__ASSIGNMENT__. Transcribe word for word the lines below from the line with "MIYUKI Delica Beads, Cylinder, Japanese" through the line with "Obverse of the", ends included.

__DATASET RECORDS__.
-------------------------
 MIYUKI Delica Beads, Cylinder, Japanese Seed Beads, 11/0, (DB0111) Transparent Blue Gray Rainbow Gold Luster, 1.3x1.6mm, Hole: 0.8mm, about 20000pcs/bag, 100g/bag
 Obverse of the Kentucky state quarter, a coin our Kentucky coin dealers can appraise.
-------------------------
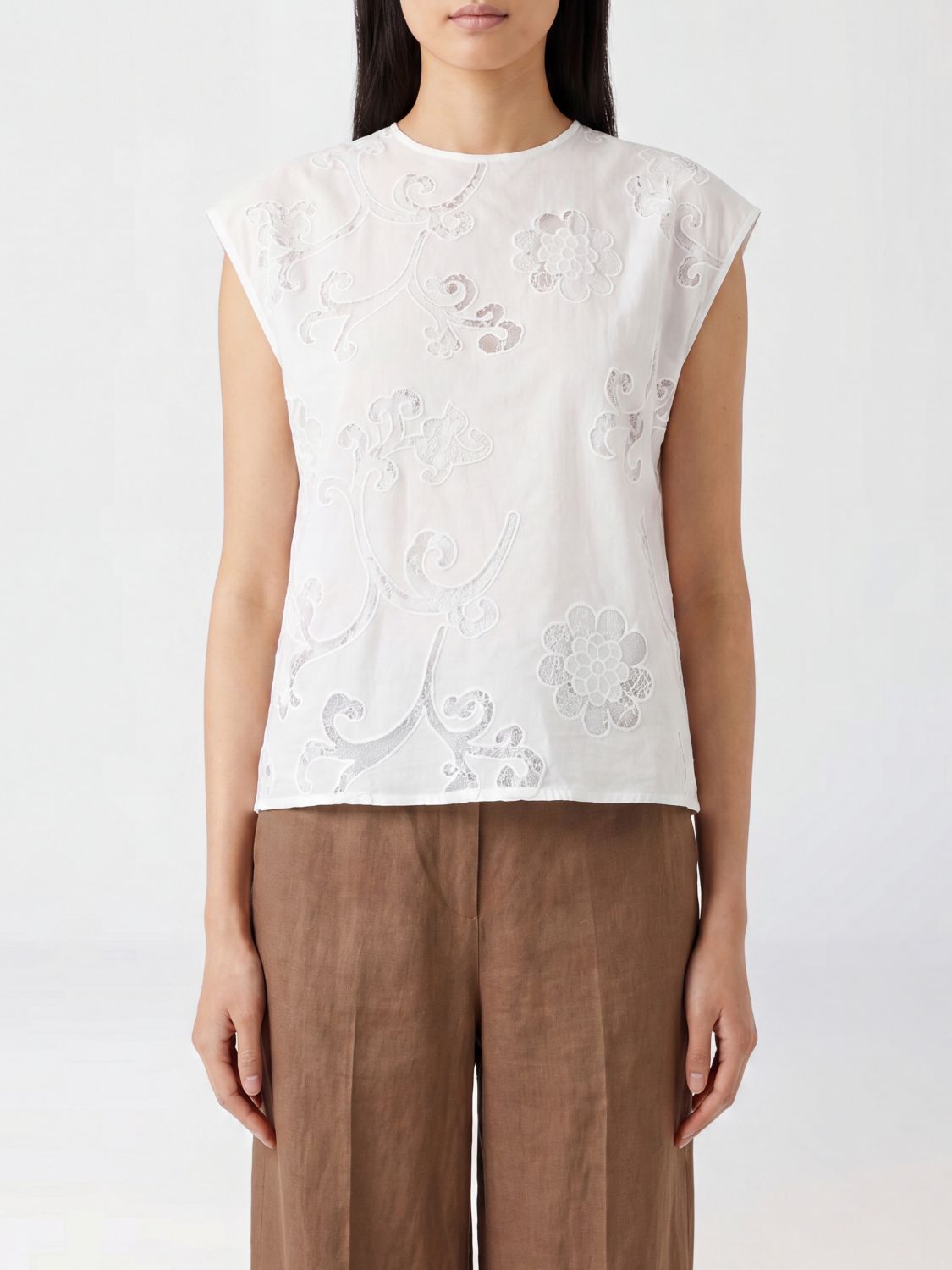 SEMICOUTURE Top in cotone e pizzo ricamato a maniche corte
-------------------------
__RESPONSE TO THE TASK__.
 MIYUKI Delica Beads, Cylinder, Japanese Seed Beads, 11/0, (DB0111) Transparent Blue Gray Rainbow Gold Luster, 1.3x1.6mm, Hole: 0.8mm, about 20000pcs/bag, 100g/bag
 Obverse of the Kentucky state quarter, a coin our Kentucky coin dealers can appraise.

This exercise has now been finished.